Todo
empezó en ese lugar que ahora está en todas partes. “Hoy hay clásico”, dijo
Federico, en el ya omnipresente grupo de Whats App. El significado de esa frase
apuntó nada más ni nada menos que al cruce, en el torneo de Del Barco Centenera
y la autopista de los domingos, de los dos equipos que dividen al grupo de
amigos. Los pibes esperaban desde hace días, con comentarios alusivos y
capturas de pantalla de Facebook, el partido más importante de la primera parte
del certamen.
El
“Rusticazo”, nombre de la competición, es un torneo que deslumbra domingo tras
domingo en Parque Chacabuco (Del Barco Centenera 951). Consta de un grupo de
personas, sus amigos y los amigos de sus amigos, que decidieron armar una
competición con menos calidad que el fútbol profesional, pero con igual grado
de compromiso y responsabilidad. Los equipos son elegidos a dedo por los
organizadores, con el objetivo de que vayan cambiando en sus nombres propios
pero manteniendo un similar nivel de categoría futbolística. “Es otro deporte”,
dijo hace poco tiempo Diego Giustozzi, técnico de la selección argentina de
Fútbol de salón, última campeona del mundo. Un clásico de los domingos.
Entonces,
era la cuarta fecha, y el partido que los pibes esperaban debía jugarse. “Lola
Bunny Gangbang” contra “Weedy Tunes” (los nombres del torneo deben estar
atravesados por cierta matriz temática que se actualiza torneo a torneo y, en
este caso, el enclave seleccionado fue “nombres ligados a Warner”). “Ya estoy
haciendo el precalentamiento”, dijo Nicolás, quien, junto a Andrés, Augusto y
sus dos laderos juegan en el primero de los equipos y enfrentan a Federico,
Tomás e Iván, junto a otros dos integrantes. Y fue justamente éste último quien
le recomendó a Nicolás de qué forma debía preparar sus músculos para el
encuentro: “Tocá la pelota ahora, porque en el partido ni la vas a ver”.
Cortito, y ¿al pie?
Eran
las 17 00 clavadas y el estadio estaba listo. No hay alambrado en semejantes
certámenes, sino una estructura compleja de cuadrantes negros realizados con
sogas que se hinchan y se mueven completamente hacia atrás cuando la pelota no
va al arco, sostenidas a su vez por un esquema de goma acolchonada y
desgastada. Tienen como signo distintivo una bandera chica de una importante
marca de agua mineral embotellada, puesta al revés.
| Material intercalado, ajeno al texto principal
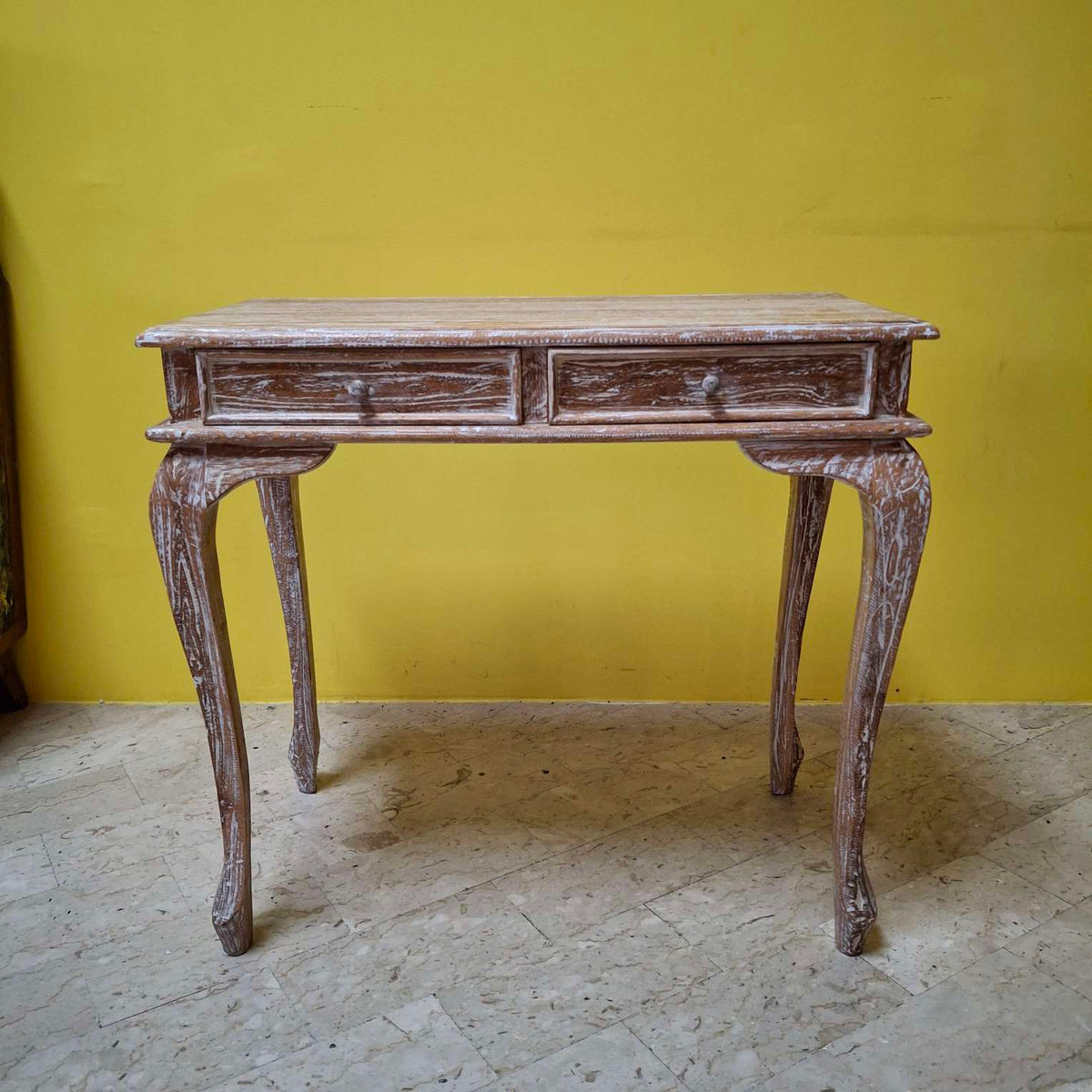 Scrivania etnica scrittoio legno teak consolle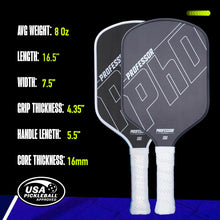 Load image into Gallery viewer, Professor PhD T700 Raw Carbon Fiber Premium Pickleball Paddle Racket - Precision Honeycomb Core - Enhanced Power &amp; Control - USAPA Pickleball Approved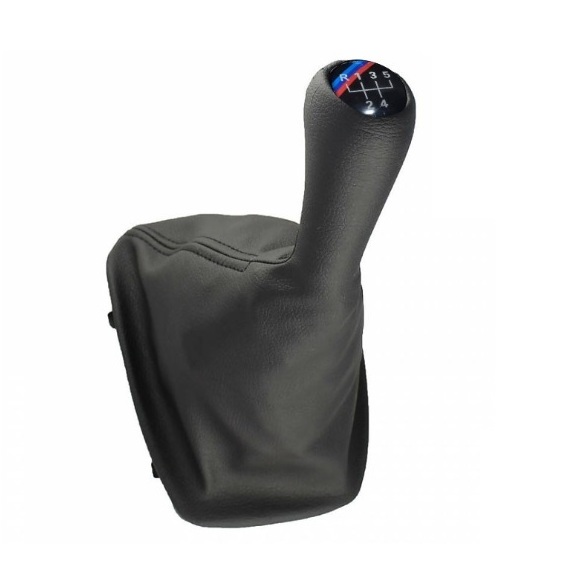 BMW E39 06-03 5er Serie 5 Gang Schaltknäufe Schaltsack Knauf Manuell Leder Schwarz 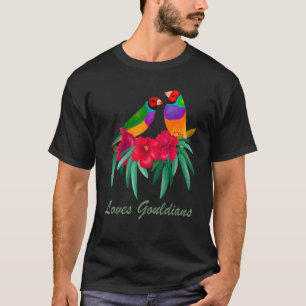 Loves Gouldians Colourful Watercolor Bird Artwork T-Shirt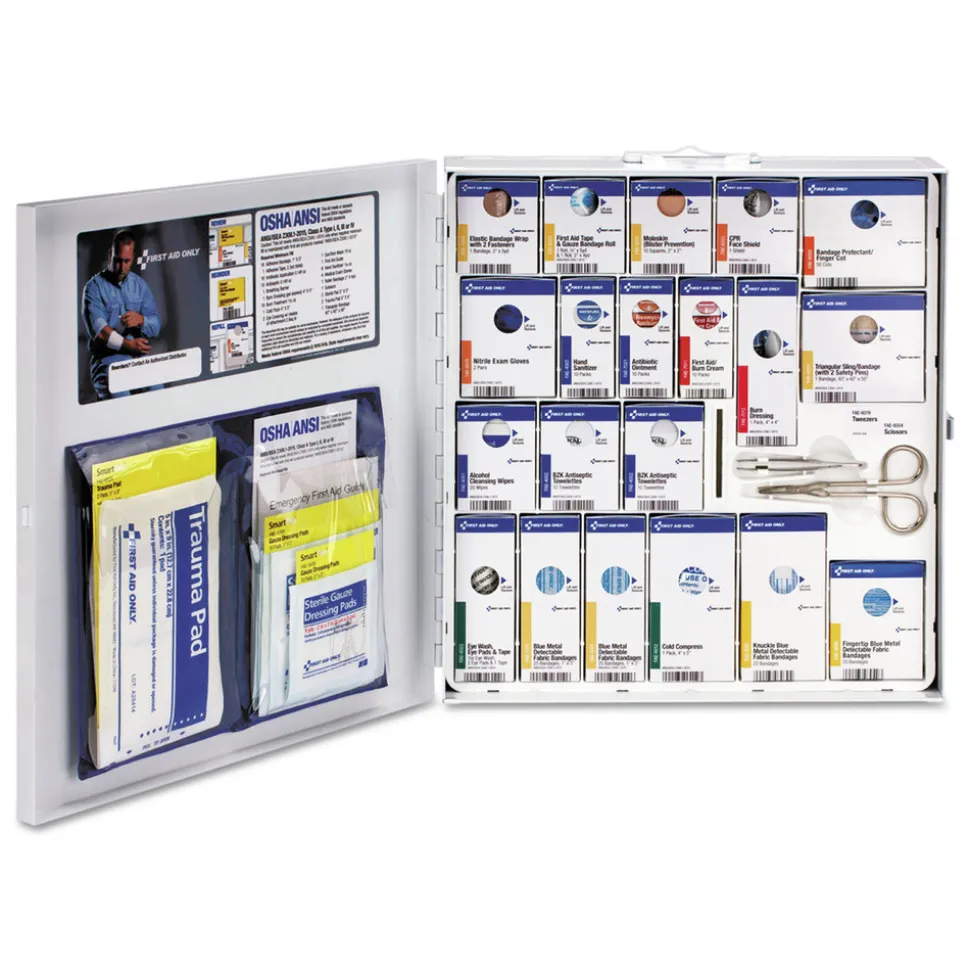 First Aid Only SmartCompliance No Medication Metal Case Food Service First Aid Kit for 50 People (260-Pieces/Kit)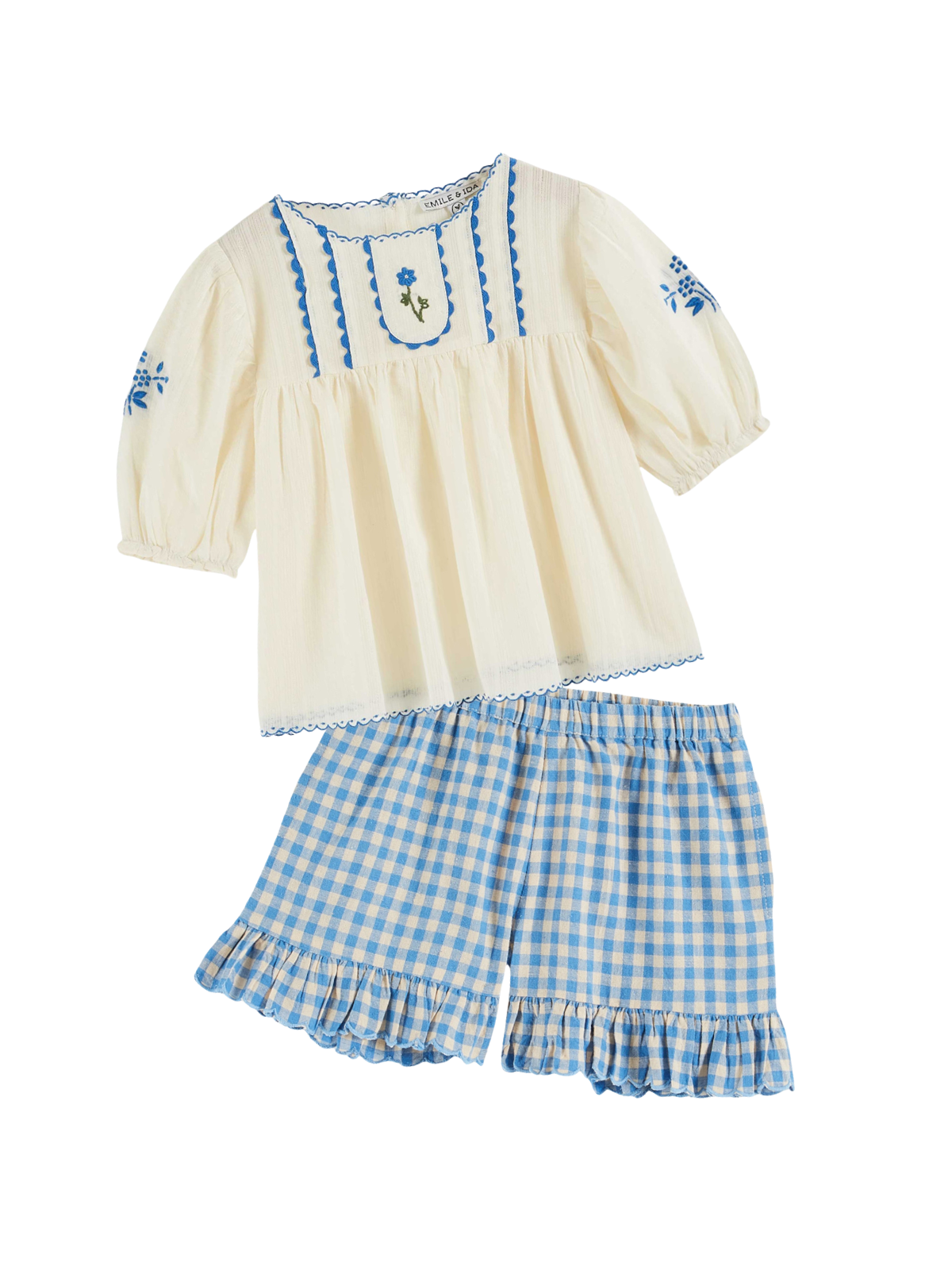 Embroidered Blouse & Gingham Shorts Set Sets Emile et Ida Lagoon Blue 2Y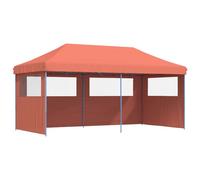 vidaXL Tienda de campaña plegable tipo pop-up con 3 paneles laterales, color terracota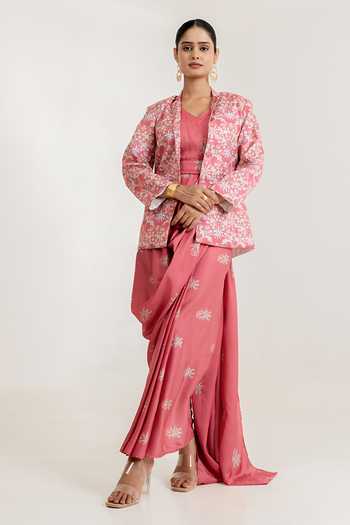 Buy_Pasha India_Pink Satin Dusty Rose Printed Draped Saree Gown With Blazer _at_Aza_Fashions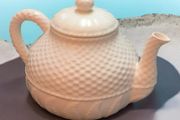 Vintage Bordallo Pinheiro Portugal Ceramic Basketweave Teapot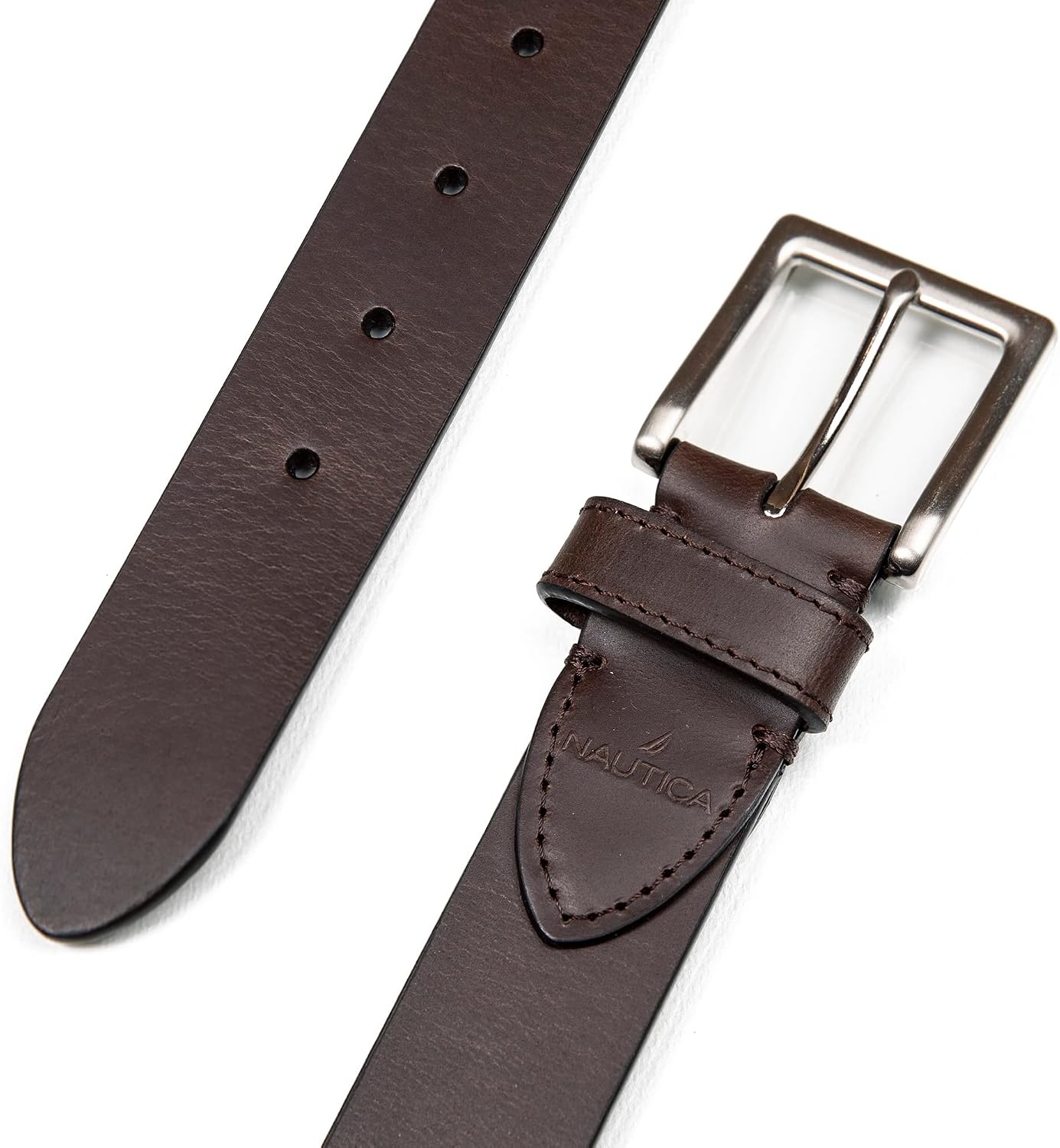 image:imageNautica Mens Casual Leather Belt Everyday Classic Pants Jeans Khakis Chinos Metal BuckleDebossed Logo Brown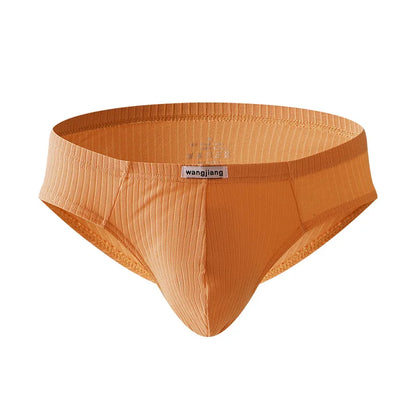 Cotton Briefs Men Sexy Bulge Pouch Underwear Sweat Absorption Underpants Breathable Panties Striped Knickers Male Soft Lingerie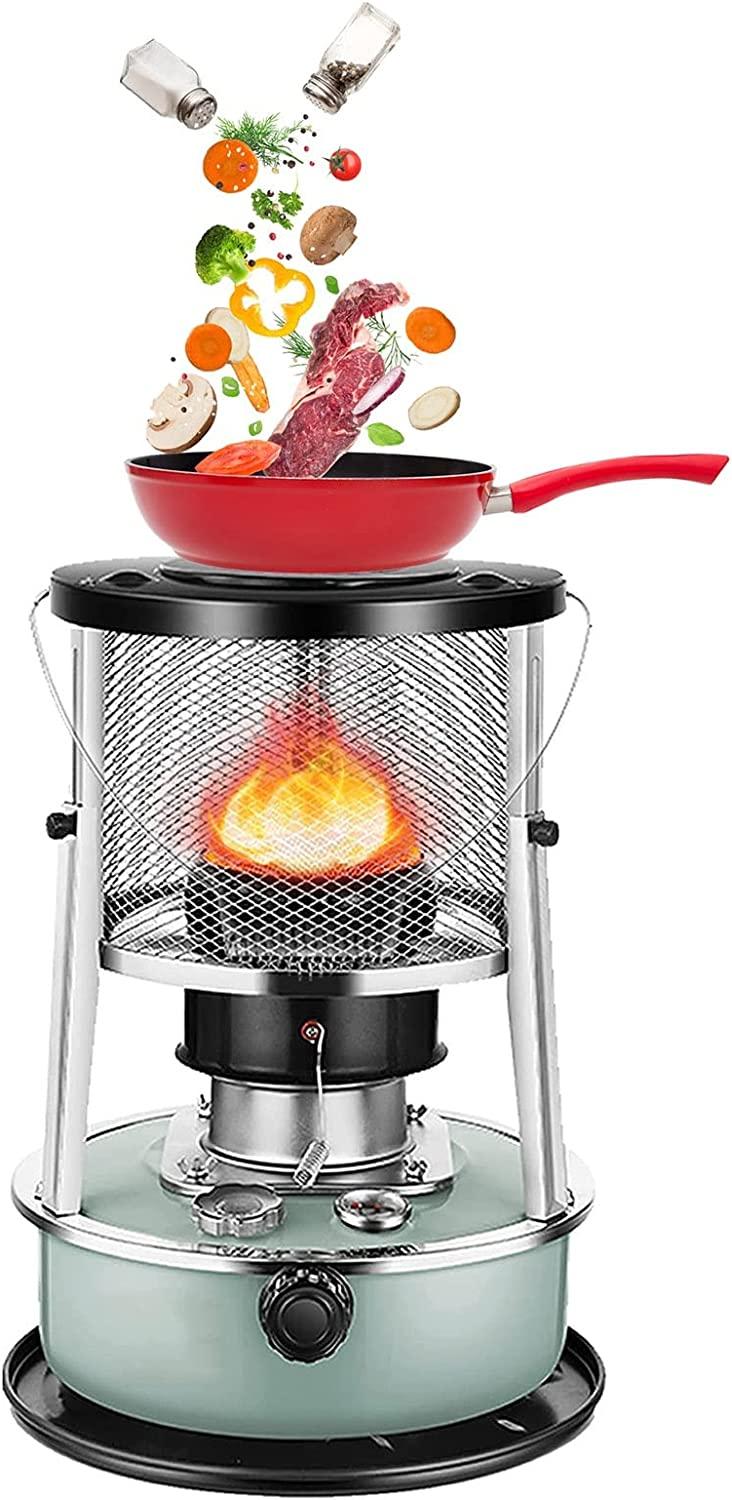 Outdoor 4 Wicks Kerosene Stove Burner 4.5L Camping Oil Heaters Portable Indoor Kerosene Convection Heater Height Adjustable Non Electric, Adjustable Flame, for Cooking Deck Heating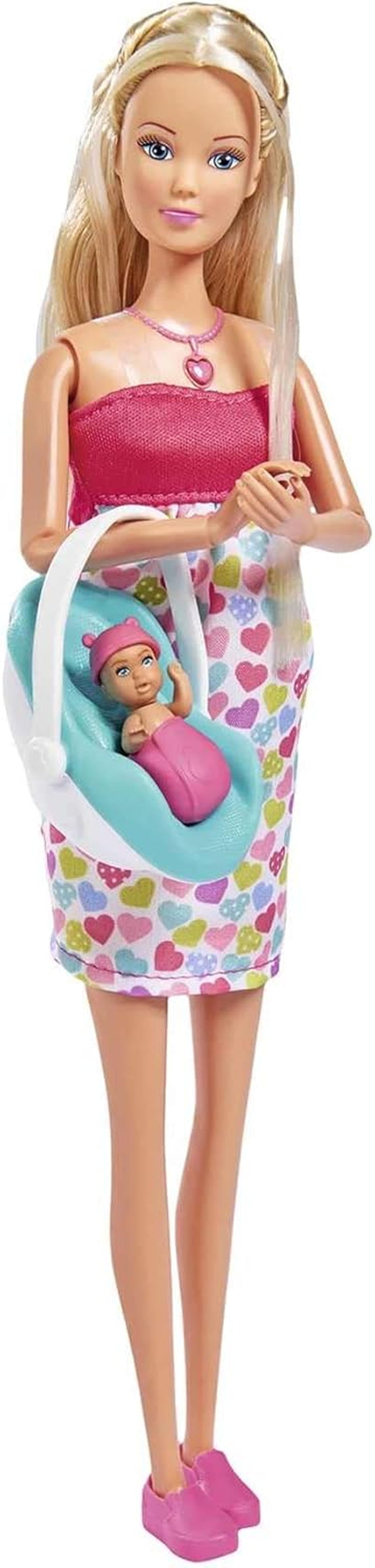 Simba 105733480 - Sac à dos pour bébé Steffi Love, poupée enceinte avec bébé et superbes sons, accessoires pour bébé et porte-bébé, poupées simples Pink Naty Shop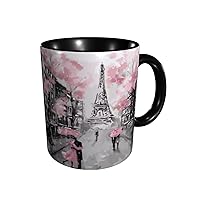 Paris Street Eiffel Tower Coffee Mug 11oz Ceramic Tea Cup for Women Men Birthday Gifts Office Home Microwave Funny Novelty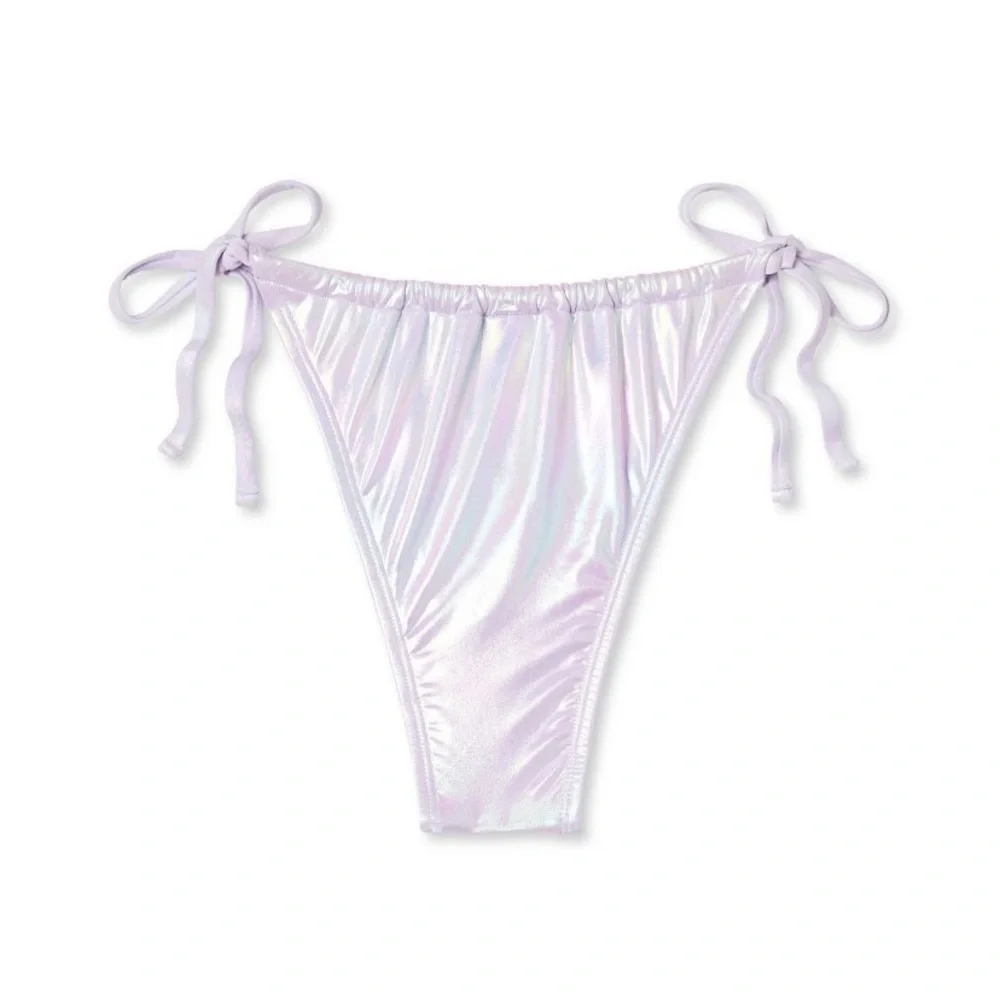 Wild Fable Side Tie Adjustable Extra‎ Cheeky Ultra High Iridescent Swim Bottoms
Las paredes del lugar
muestran un verde gastado con marcas de gris desteñido. En el fondo, lejos de
la entrada, hay un pequeño cuartucho del mismo verde gastado que las paredes
que tiene el distintivo perfecto del vestuario del fútbol 5: un tanque de agua
gris en uno de sus extremos del techo.
En
varias cosas el ambiente le gana por goleada a una cancha de primera división,
pero hay uno que es infalible: el clásico entre Lola Bunny Gangbang y Weedy
Tunes se va a jugar en un campo techado. Pequeño detalle a tener en cuenta: no
estamos hablando del techo retráctil del estadio Miyagi en Japón, que simula el
casco de un poderoso guerrero del clan Date, sino que lo que cubre la cuestión
es la parte de debajo de la Autopista 25 de mayo, célebre por conectar, entre
otras cosas, la Autopista Buenos Aires – La Plata con el Acceso Oeste. La
decoración sonora no es ni el “Decime que se siente” de Argentina en 2014 ni las
vuvuzelas sudafricanas del 2010, sino el ruido de las ruedas de camión en el
pavimento a las bocinas de los locos domingueros apurados por llegar a casa.
Afuera
esperaba el público ensordecido: dos amigos (Santiago y Jonathan) casi
obligados a semejante ritual por ese famoso grupo de Whats App, y Guadalupe, la
novia de Federico, experta en “hacer como qué” quiere estar ahí. El panorama
apto para el público lo completan una cantidad infinita de mochilas de
adolescentes y ropa tirada a los costados.
El
partido arrancó cuando la Ixon
naranja tono “Gol del Beto Alonso a Boca en el 86 pero más trucha y más chica”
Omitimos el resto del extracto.